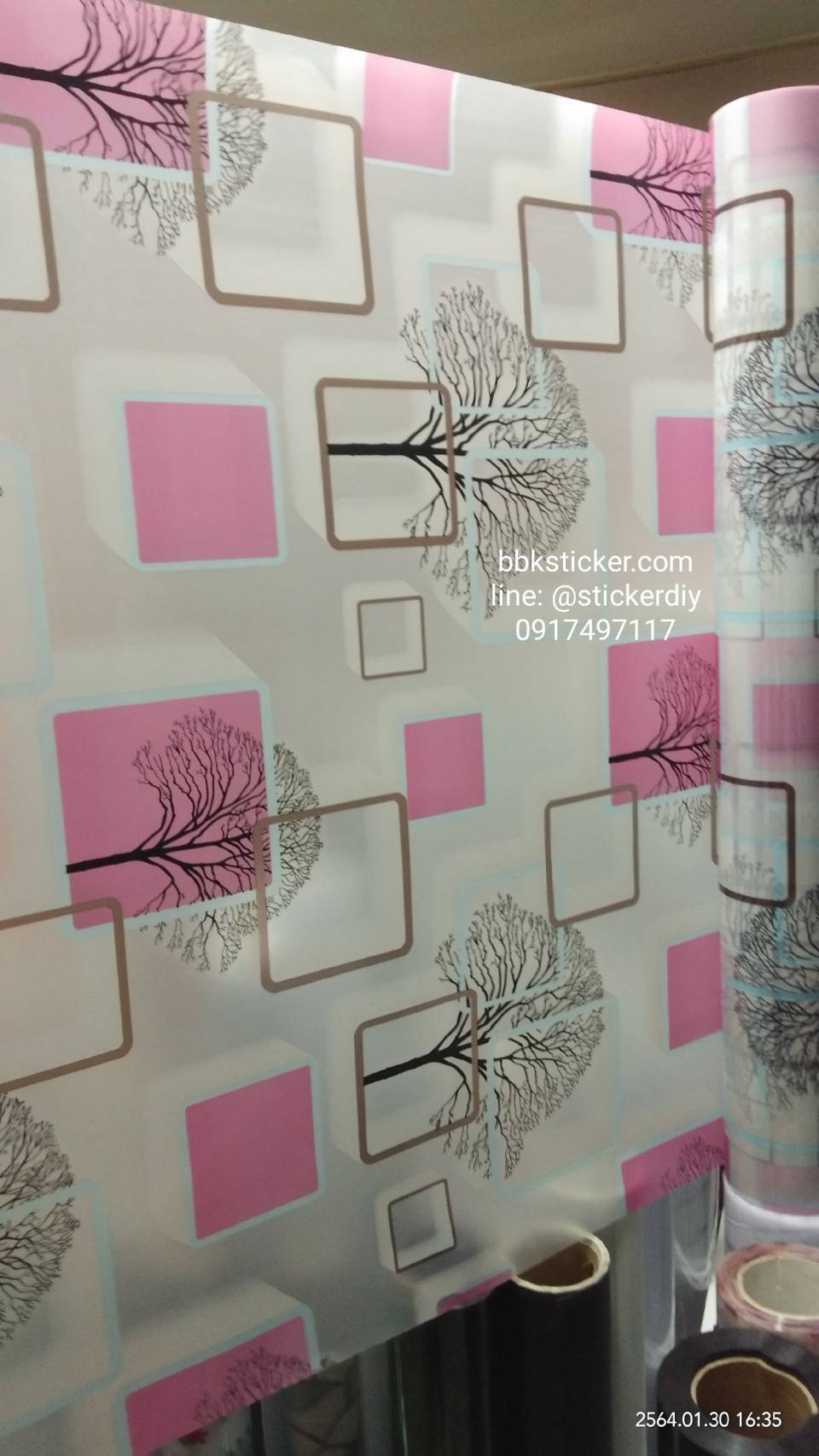 สติ๊กเกอร์ฝ้าติดกระจก แบบมีกาวในตัว 3D Tree สีชมพู (หน้ากว้าง 90cm) เมตรละ 89 บาท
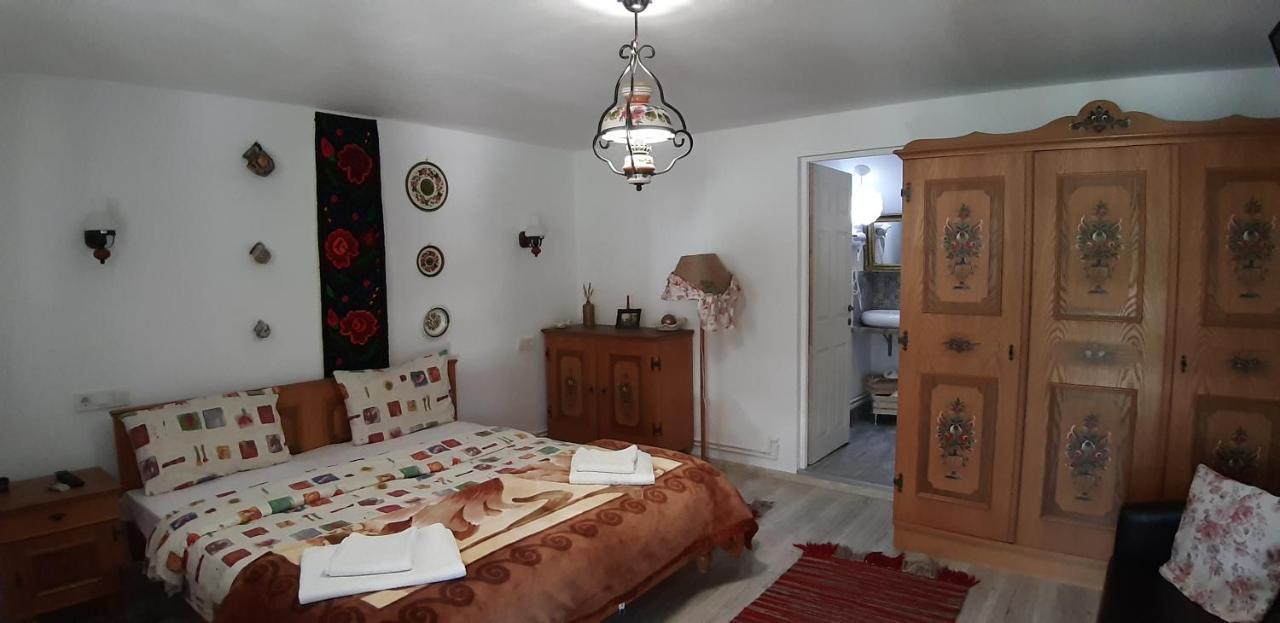Pensiunea Casa Godja Văleni Стая снимка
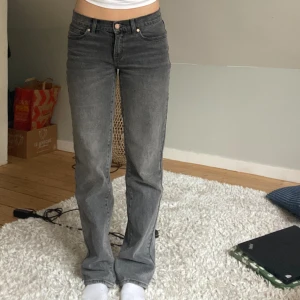 Lågmidjade jeans Abrand - Lågmidjade grå raka jeans från Abrand! Modell A’99 low straight. Köpta på åhléns för 999, max använda kanske 5 gånger så i mycket bra skick!  Sitter perfekt på mig som är ungefär 168, åt de längre hållet i benen. Priset kan diskuteras!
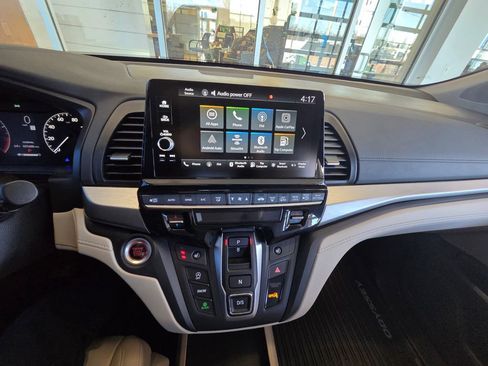 Certified 2025 Honda Odyssey EX-L image 43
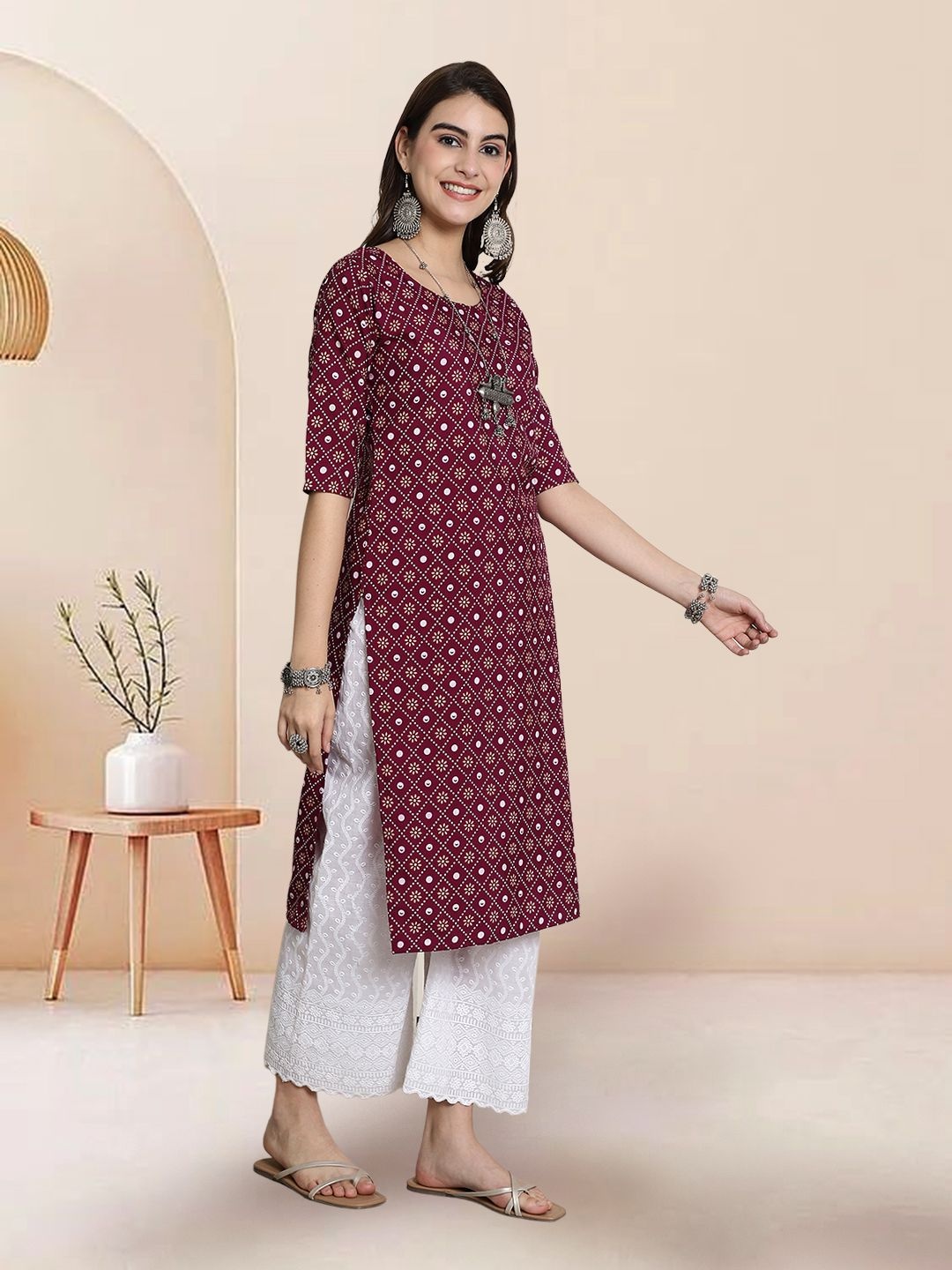 

7Threads Selection Of 2 Floral Printed Round Neck Straight Kurtas, Maroon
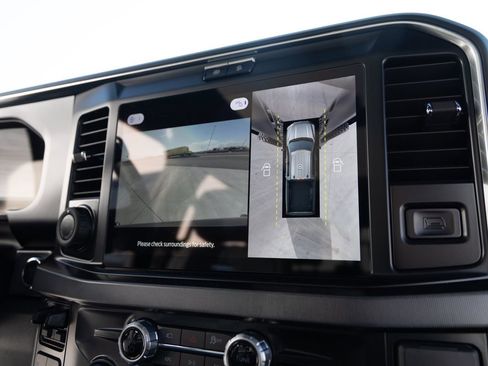 Used 2025 Ford F350 Platinum AWD/4WD image 45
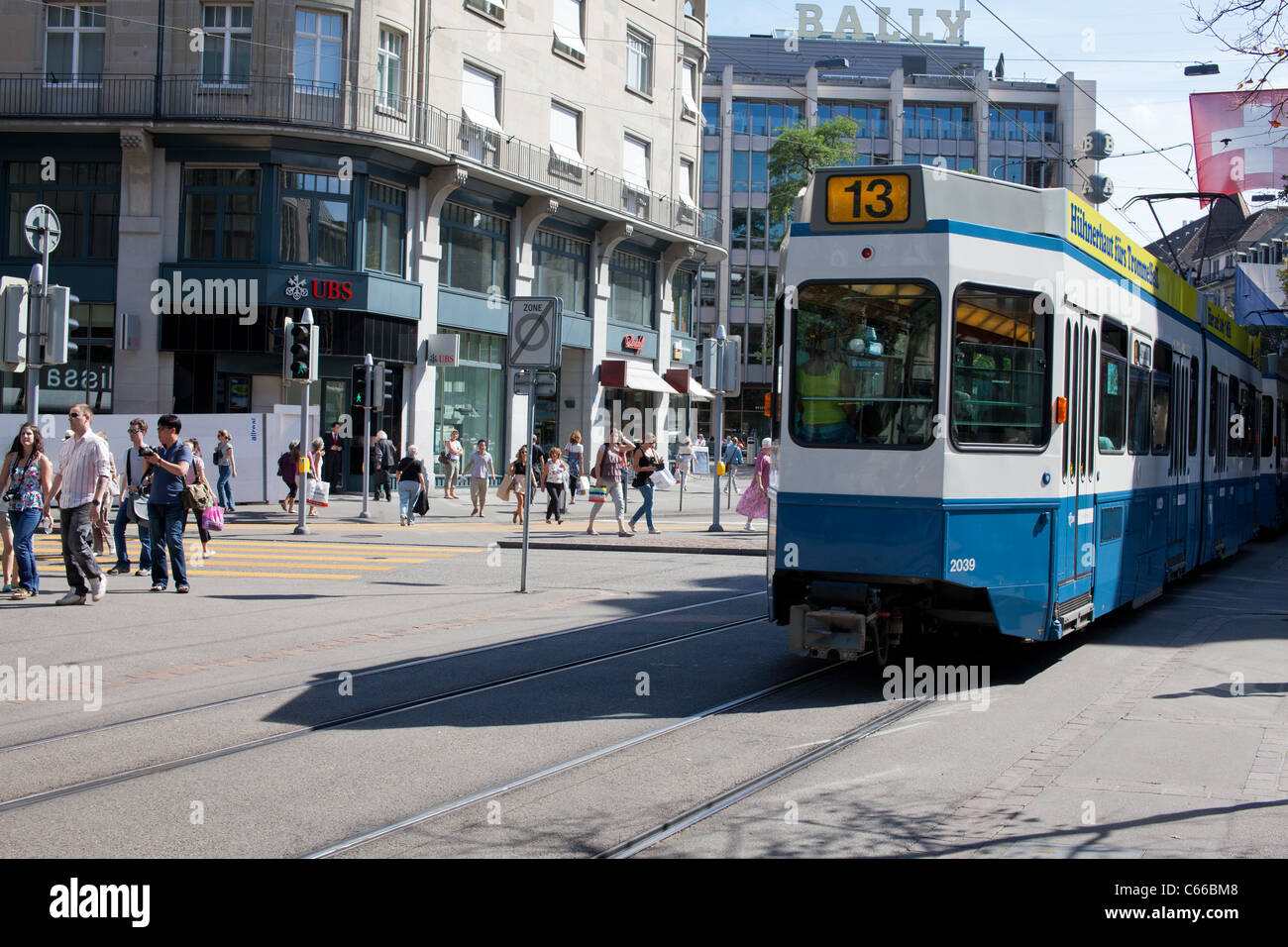 Straßenbahn und Menschen, Zürich, Schweiz Stockfoto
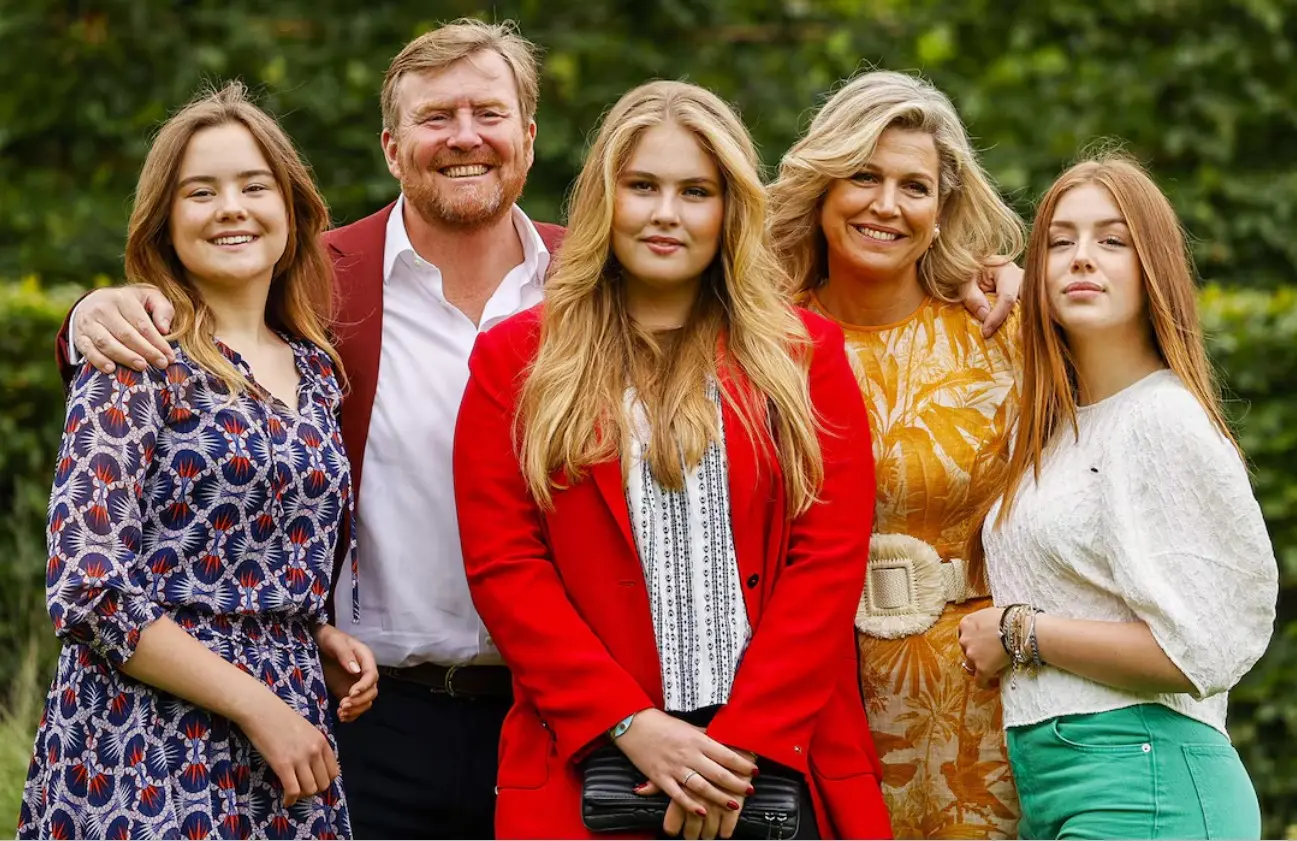 Los reyes Guillermo y Máxima de Holanda junto a sus hijas Ariana, Amalia y Alexia.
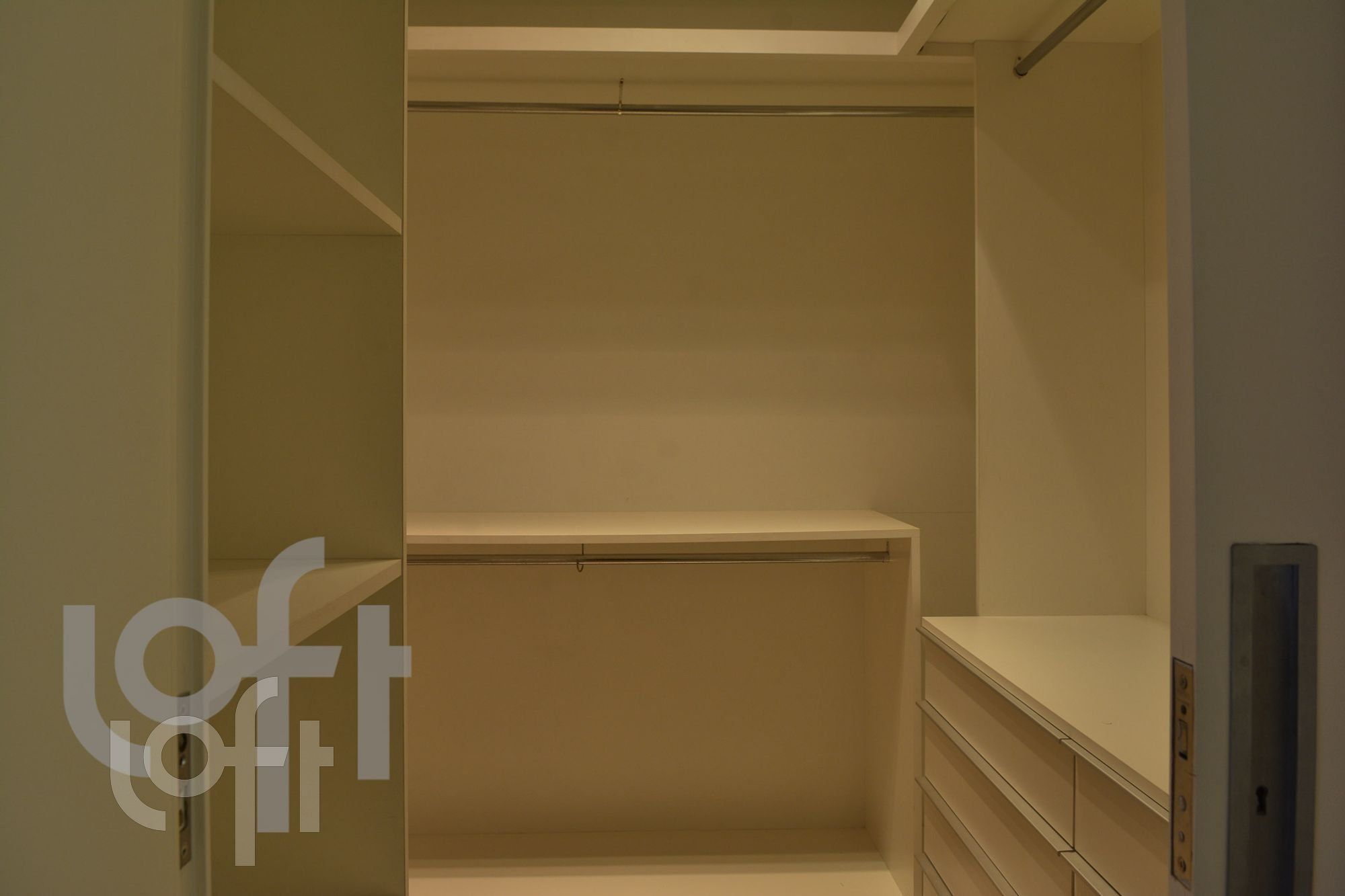 Apartamento à venda com 3 quartos, 200m² - Foto 5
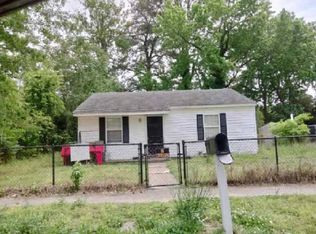 2423 Youngman Rd, Chesapeake, VA 23323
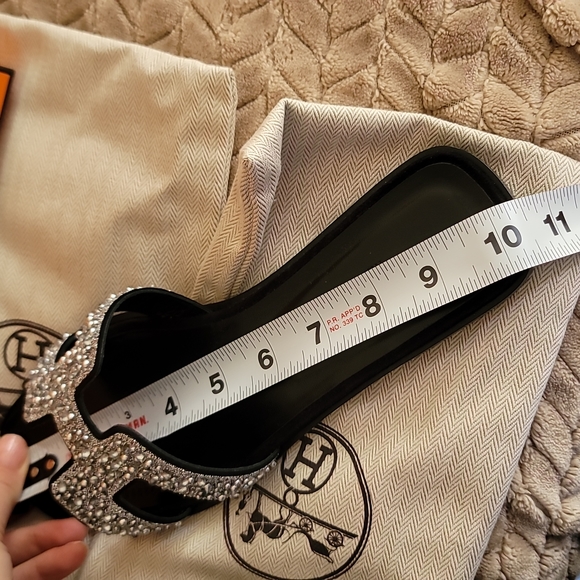Hermes Oran Sandal with Crystals size 40eu/ 10US Limited Edition Black Leather - Picture 4 of 17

**PROMPT**. Each line between the one holding "Los reyes Guillermo" and the one holding "2423 Youngman Rd, Chesapeake, VA 23323", inclusive, should be copied exactly as it appears above, and pictures should be omitted.

**RESULT OF THE TASK**.
 Los reyes Guillermo y Máxima de Holanda junto a sus hijas Ariana, Amalia y Alexia.
 Apartamento à venda com 3 quartos, 200m² - Foto 5
 2423 Youngman Rd, Chesapeake, VA 23323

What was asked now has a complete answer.